Current students of Chu Gar are related to the students of Lau Shui. Those students continued the tradition of his school in Hong Kong after he died in 1942. Chu Gar can be found in China, Hong Kong, Australia, and United States.

Kwong Sai Jook Lum
According to oral traditions, the Kwong Sai Jook Lum (江西竹林) style traces its origins to the temple Jook Lum Gee (竹林寺), Wu Tai Shan (五台山) in Shanxi province and on Mt. Longhu (龍虎山) in Jiangxi (江西) province. The monk, Som Dot (三達祖師), created this new martial art system in the 18th century. He passed the art on to Lee Kun Ching (李官清), later known as Lee Siem See (李禪師; a name that can be translated as "Zen master Lee") and Wong Do Leng (黃道人; a name that can be translated as "Taoist Wong"). Lee Siem See would travel to Southern China and spread the art amongst the general population. In Guangdong, his student, Cheung Yiu Chung (張耀宗), would later return with him to Kwong Sai to complete his training at Jook Lum Gee.

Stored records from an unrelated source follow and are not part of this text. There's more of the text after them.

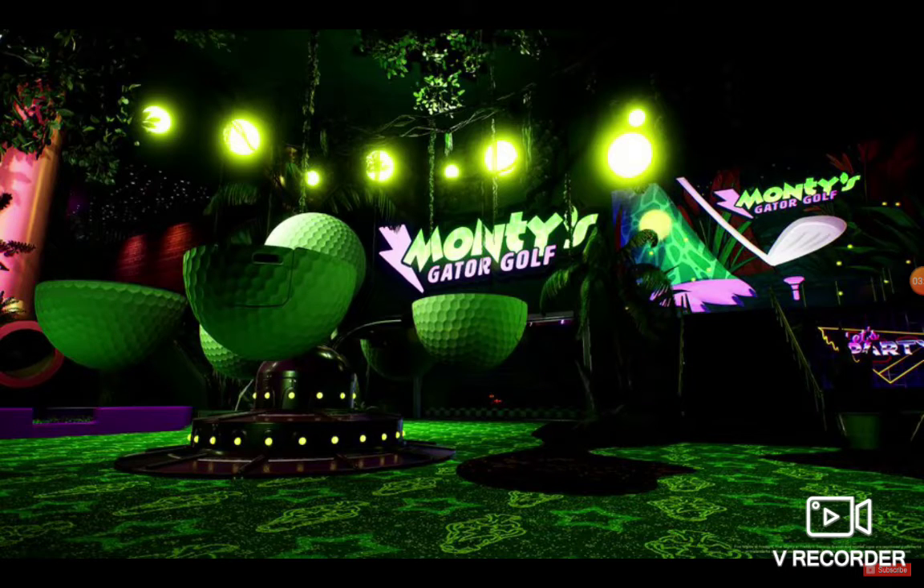Here's Montgomery's Gator Golf, and this looks really, really good. This attraction kind of reminds me of FNAF 6, because in FNAF 6 there is an attraction very similar to that, except it's a lot bigger and has rockets. His nickname is Monty, so that's pretty cool.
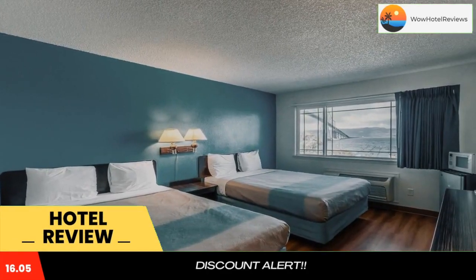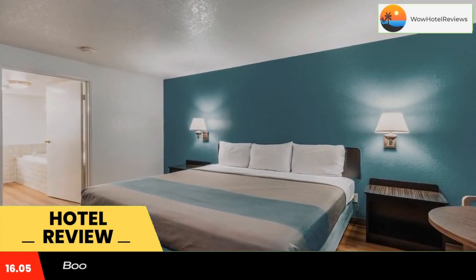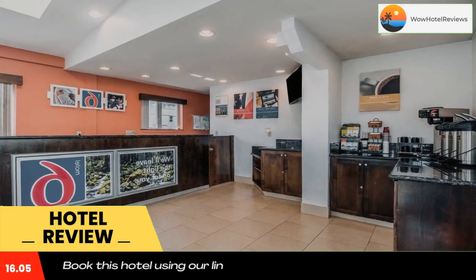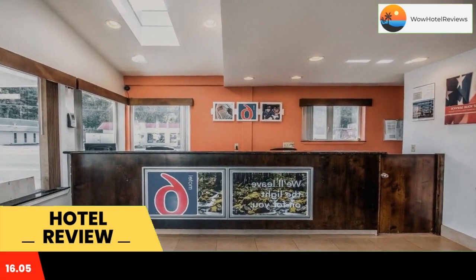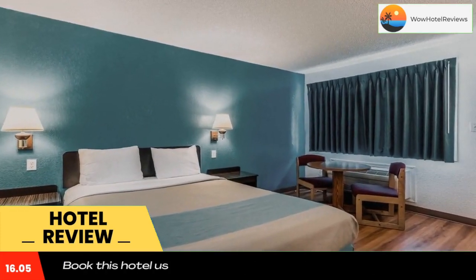This Astoria motel is a five-minute walk to Pacific Ocean views and sightseeing at Astoria Riverwalk. Free Wi-Fi is available in all rooms. A cable TV, refrigerator, and private bathroom are standard in all rooms at Motel 6 Astoria. Rooms are simply decorated with light wood furnishings. Laundry facilities and 24-hour reception are available for guests' convenience.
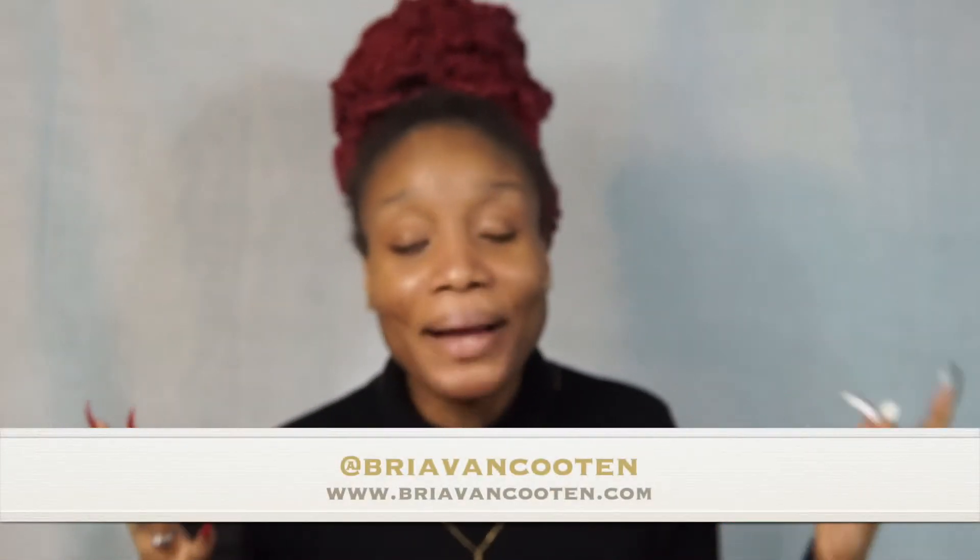Hello everybody, it's your girl Bria Van Kooten and I'm back with another video. If you guys watched my Vlogmas vlog — check it out, I'll link it in the cards — but in that video I basically said that was supposed to be my last video of 2021. I lied, here I am with another one. I decided I wanted to do my favorite purchases of the year, so I narrowed it down to my seven favorite purchases.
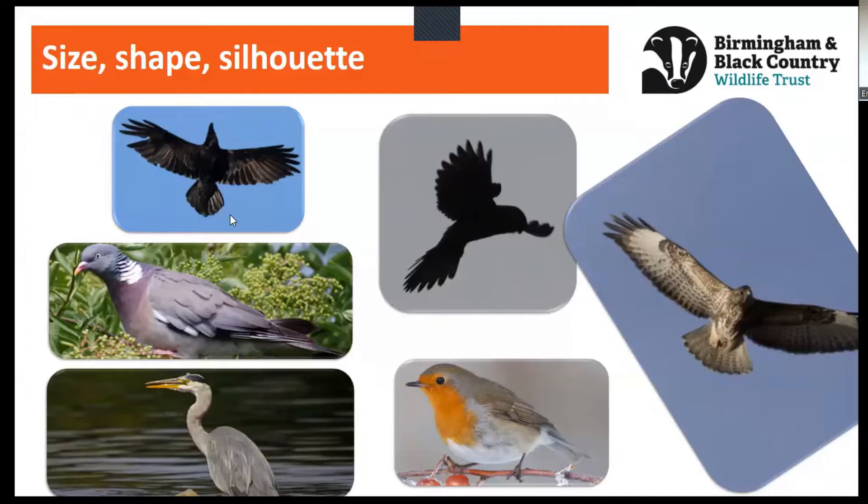Sometimes we don't get the opportunity to watch birds sitting nice and still. Sometimes the birds we're looking at can be way up in the sky and all we see is the silhouette. On the top left of the screen, this large bird is part of the crow family — it has a large bill and a tail that is almost diamond-shaped. This is a raven, our largest crow. Looking for that diamond shape in the tail is a really good tip for identifying a raven, especially if you can't gauge its size.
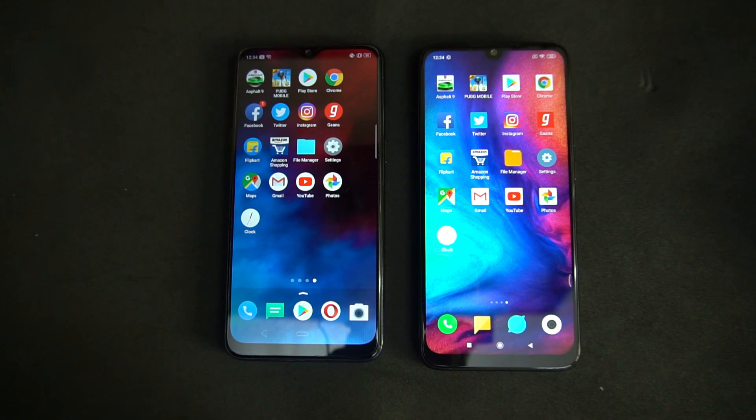That was the speed test comparison of the Redmi Note 7 Pro with the Realme 3. Hope you enjoyed watching this video. Do hit that like button and also hit that subscribe button for more videos. This is Normal signing off — thanks for watching, hope to see you in our next video. Have a great day.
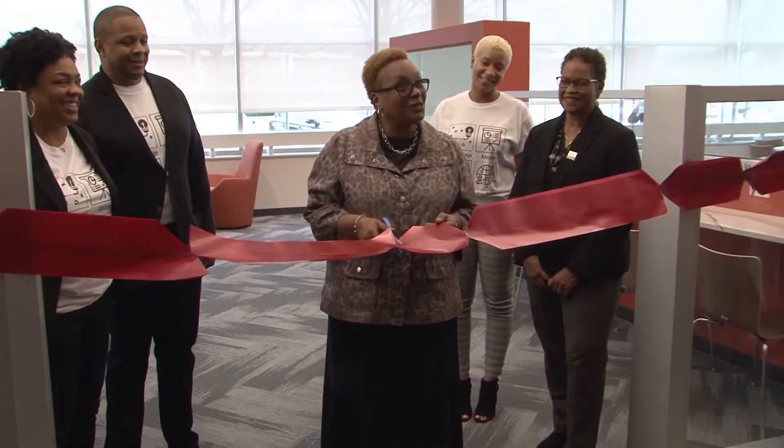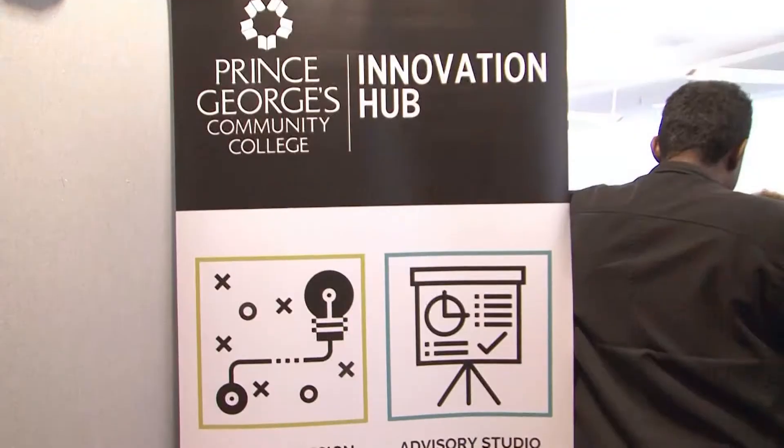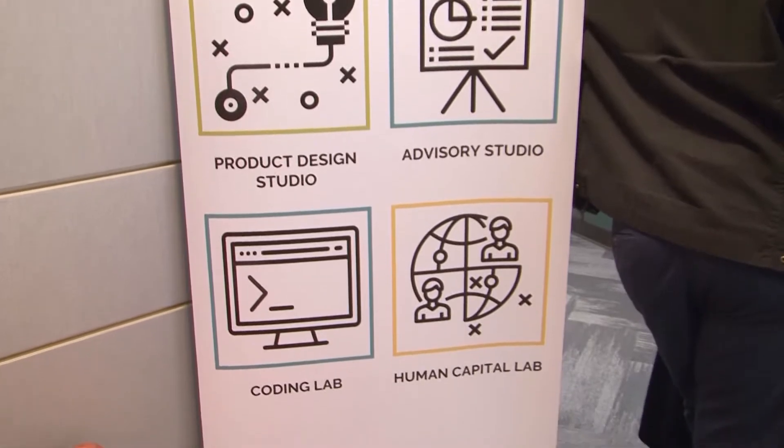Well, what started off as an idea two years ago to bring more innovation to the county comes to fruition this morning in Largo. Prince George's Community College officially opens its new innovation hub. The space is designed for business owners to collaborate with the campus community to help solve problems and create new ideas.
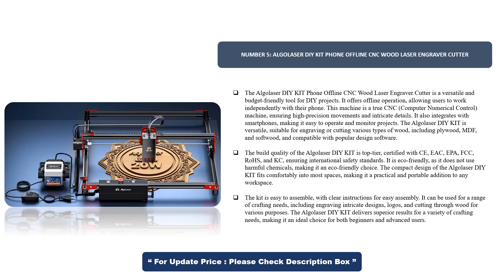It also integrates with smartphones, making it easy to operate and monitor projects. The Algoliser DIY-KIT is versatile, suitable for engraving or cutting various types of wood, including plywood, MDF, and softwood, and compatible with popular design software.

In 1919, Cheung returned to reside in Wei Yang Xian (Wei Yang County) Dan Shui in Guangdong Province. During the winter of 1929, Cheung opened his first martial arts school and a traditional Chinese medicine clinic in Bao'an County in Píngshān (坪山) Town and continued to promote the Jook Lum system. Wong Yook-Kong (黃(公)毓光) and Lum Wing-Fay (林榮輝; 1910 - 1992; also known as Lum Sang (林生; Lum Sang can be translated as Mr. Lum ) and Lee Shen Sheng (李腎勝) are some of his students from that period.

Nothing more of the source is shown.